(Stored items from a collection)
++++++
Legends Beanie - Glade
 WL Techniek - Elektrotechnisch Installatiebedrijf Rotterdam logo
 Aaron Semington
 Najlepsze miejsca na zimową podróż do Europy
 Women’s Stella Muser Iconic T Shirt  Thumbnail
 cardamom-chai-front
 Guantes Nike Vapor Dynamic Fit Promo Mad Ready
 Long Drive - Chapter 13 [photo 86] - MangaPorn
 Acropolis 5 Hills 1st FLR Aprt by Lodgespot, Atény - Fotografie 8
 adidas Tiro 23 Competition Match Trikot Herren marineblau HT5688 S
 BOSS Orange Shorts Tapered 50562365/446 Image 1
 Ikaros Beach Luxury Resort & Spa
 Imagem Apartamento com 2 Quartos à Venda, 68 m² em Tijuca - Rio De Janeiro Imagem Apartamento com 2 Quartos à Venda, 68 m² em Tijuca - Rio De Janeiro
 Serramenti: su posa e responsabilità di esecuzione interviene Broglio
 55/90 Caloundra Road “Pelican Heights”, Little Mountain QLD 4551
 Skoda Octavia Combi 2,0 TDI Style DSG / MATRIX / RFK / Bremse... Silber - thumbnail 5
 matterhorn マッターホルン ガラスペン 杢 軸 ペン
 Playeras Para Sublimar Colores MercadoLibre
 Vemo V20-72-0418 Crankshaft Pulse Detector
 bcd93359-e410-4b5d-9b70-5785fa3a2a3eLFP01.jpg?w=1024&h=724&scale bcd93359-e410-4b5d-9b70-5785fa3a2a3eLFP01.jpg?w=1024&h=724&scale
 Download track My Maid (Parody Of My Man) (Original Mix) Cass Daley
++++++
## AIM OF THE TASK
Copy out all of the records shown above exactly.

## RESULT OF THE EXERCISE
Legends Beanie - Glade
 WL Techniek - Elektrotechnisch Installatiebedrijf Rotterdam logo
 Aaron Semington
 Najlepsze miejsca na zimową podróż do Europy
 Women’s Stella Muser Iconic T Shirt  Thumbnail
 cardamom-chai-front
 Guantes Nike Vapor Dynamic Fit Promo Mad Ready
 Long Drive - Chapter 13 [photo 86] - MangaPorn
 Acropolis 5 Hills 1st FLR Aprt by Lodgespot, Atény - Fotografie 8
 adidas Tiro 23 Competition Match Trikot Herren marineblau HT5688 S
 BOSS Orange Shorts Tapered 50562365/446 Image 1
 Ikaros Beach Luxury Resort & Spa
 Imagem Apartamento com 2 Quartos à Venda, 68 m² em Tijuca - Rio De Janeiro Imagem Apartamento com 2 Quartos à Venda, 68 m² em Tijuca - Rio De Janeiro
 Serramenti: su posa e responsabilità di esecuzione interviene Broglio
 55/90 Caloundra Road “Pelican Heights”, Little Mountain QLD 4551
 Skoda Octavia Combi 2,0 TDI Style DSG / MATRIX / RFK / Bremse... Silber - thumbnail 5
 matterhorn マッターホルン ガラスペン 杢 軸 ペン
 Playeras Para Sublimar Colores MercadoLibre
 Vemo V20-72-0418 Crankshaft Pulse Detector
 bcd93359-e410-4b5d-9b70-5785fa3a2a3eLFP01.jpg?w=1024&h=724&scale bcd93359-e410-4b5d-9b70-5785fa3a2a3eLFP01.jpg?w=1024&h=724&scale
 Download track My Maid (Parody Of My Man) (Original Mix) Cass Daley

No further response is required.